Feasts were an out and out metaphor of power, in which monarchs flaunted a poetic, consistent and official image of their authority. Political ideals and dynastic ambitions were concealed, and emerged, beneath the pretence of a fabulous tale, underneath the sumptuous disguises of fantastic creatures. The personal hallmark left by monarchs in planning such feasts is a surprising yet documented fact. Charles Emanuel I wrote out, in his own hand, the invention of a new tournament, la Selva Incantata (the Enchanted Forest), including the names of the knights, with their respective colours, and outlining the points of intersection of their paths on the ground.

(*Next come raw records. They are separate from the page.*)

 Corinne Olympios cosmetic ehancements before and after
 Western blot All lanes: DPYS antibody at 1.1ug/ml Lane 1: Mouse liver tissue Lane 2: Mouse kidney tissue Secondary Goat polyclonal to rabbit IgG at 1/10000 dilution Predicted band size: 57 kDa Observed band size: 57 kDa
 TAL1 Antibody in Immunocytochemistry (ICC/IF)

Prominent figures of these court pageants were Marie Christine of France and her daughter-in-law Marie Jeanne Baptiste of Savoy-Nemours. With true feminine intuition the two Princess Royals realized the communicative power of celebrations, exploiting it to their utmost advantage. The contents of these events were carefully controlled and processed, concentrating elegant, though unequivocal, political and dynastic allusions in the messages to be conveyed. On her arrival in Turin, the betrothed bride of Victor Amadeus I, Marie Christine of France brought the French Courts fad for ballets, documented in Tommaso Borgonios exceptional set of finely drawn albums, along with her.

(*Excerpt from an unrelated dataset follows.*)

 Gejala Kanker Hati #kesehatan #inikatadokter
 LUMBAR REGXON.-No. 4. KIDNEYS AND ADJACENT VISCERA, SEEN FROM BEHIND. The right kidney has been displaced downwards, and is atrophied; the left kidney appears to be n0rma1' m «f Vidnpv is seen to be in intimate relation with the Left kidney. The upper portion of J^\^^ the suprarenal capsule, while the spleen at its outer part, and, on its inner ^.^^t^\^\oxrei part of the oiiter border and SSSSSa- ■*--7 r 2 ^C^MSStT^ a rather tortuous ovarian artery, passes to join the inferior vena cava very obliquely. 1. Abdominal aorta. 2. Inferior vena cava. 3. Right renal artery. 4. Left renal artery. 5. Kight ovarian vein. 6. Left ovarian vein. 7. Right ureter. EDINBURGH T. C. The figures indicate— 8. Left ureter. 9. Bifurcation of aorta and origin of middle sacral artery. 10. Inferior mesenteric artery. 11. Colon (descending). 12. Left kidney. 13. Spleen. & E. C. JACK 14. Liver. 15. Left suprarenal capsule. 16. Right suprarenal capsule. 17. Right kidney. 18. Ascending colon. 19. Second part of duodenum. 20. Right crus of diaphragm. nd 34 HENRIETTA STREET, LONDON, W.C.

The Monarch and the Court did not attend such performances as spectators, but as actors: playing convenient roles, reflecting Court hierarchy, dressed up in magnificent costumes, singing and dancing in compliance with established choreographies.

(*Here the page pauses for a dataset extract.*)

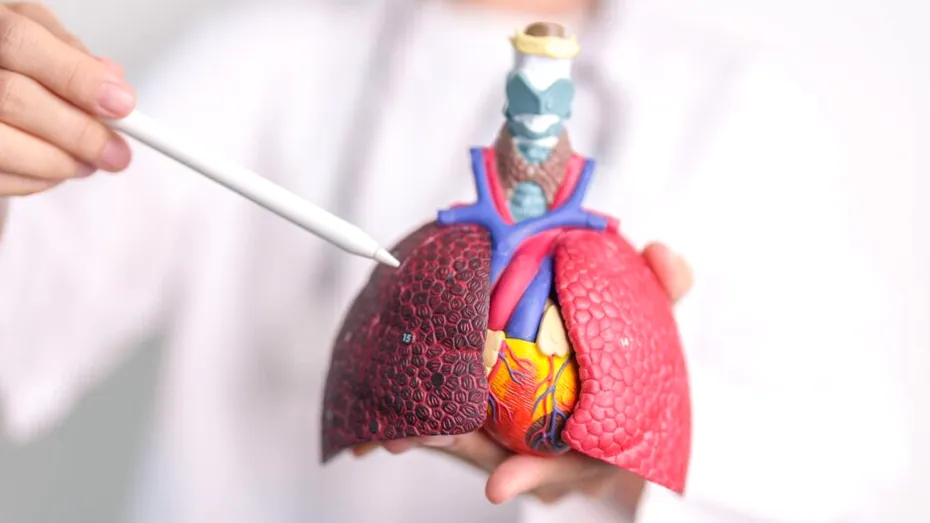 Cancerul pulmonar nu afectează doar fumătorii. Medicul explică factorii de risc pe care mulți îi ignoră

At the end of the Seventeenth Century, the second Madama Reales approach changed: feasts were no longer, or not only, held inside the Court but extended to the entire town, transformed into a magnificent stage, a setting for flaunting the Dukes power, which rose to Royal dignity in 1713.
The exhibition has been organized in conjunction with the Biblioteca Nazionale and Biblioteca Reale in Turin, who have graciously loaned the complete corpus of the ballet manuscripts that are on show in its entirety for the first time ever. The exhibition presents works coming from private collections that have never been on show before, providing visitors with the opportunity to discover a vast heritage, usually not accessible to the public for conservation reasons on account of the extreme delicacy of materials (parchment, paper and fabric). A rare occasion also for the Museum, which is given the opportunity to establish investigation and co-operation liaisons with major Decorative Art Museums in Italy and Europe.
In fact, Palazzo Madama was able to count on the extraordinary courtesy of public and private, national and international museums, libraries and collections, such as the Musée du Louvre and Bibliothèque Nationale de France in Paris; the Rüstkammer (Collection of Arms) in Dresden; the Castello Sforzesco, Museo del Teatro alla Scala, Biblioteca Braidense, Conservatorio di Musica "Giuseppe Verdi" in Milan; the Biblioteca Estense Universitaria in Modena; the Accademia Filarmonica in Verona; Palazzo Reale, Galleria Sabauda, Armeria Reale, Archivio Storico della Città, Archivio di Stato and Conservatorio Statale "Giuseppe Verdi" in Turin.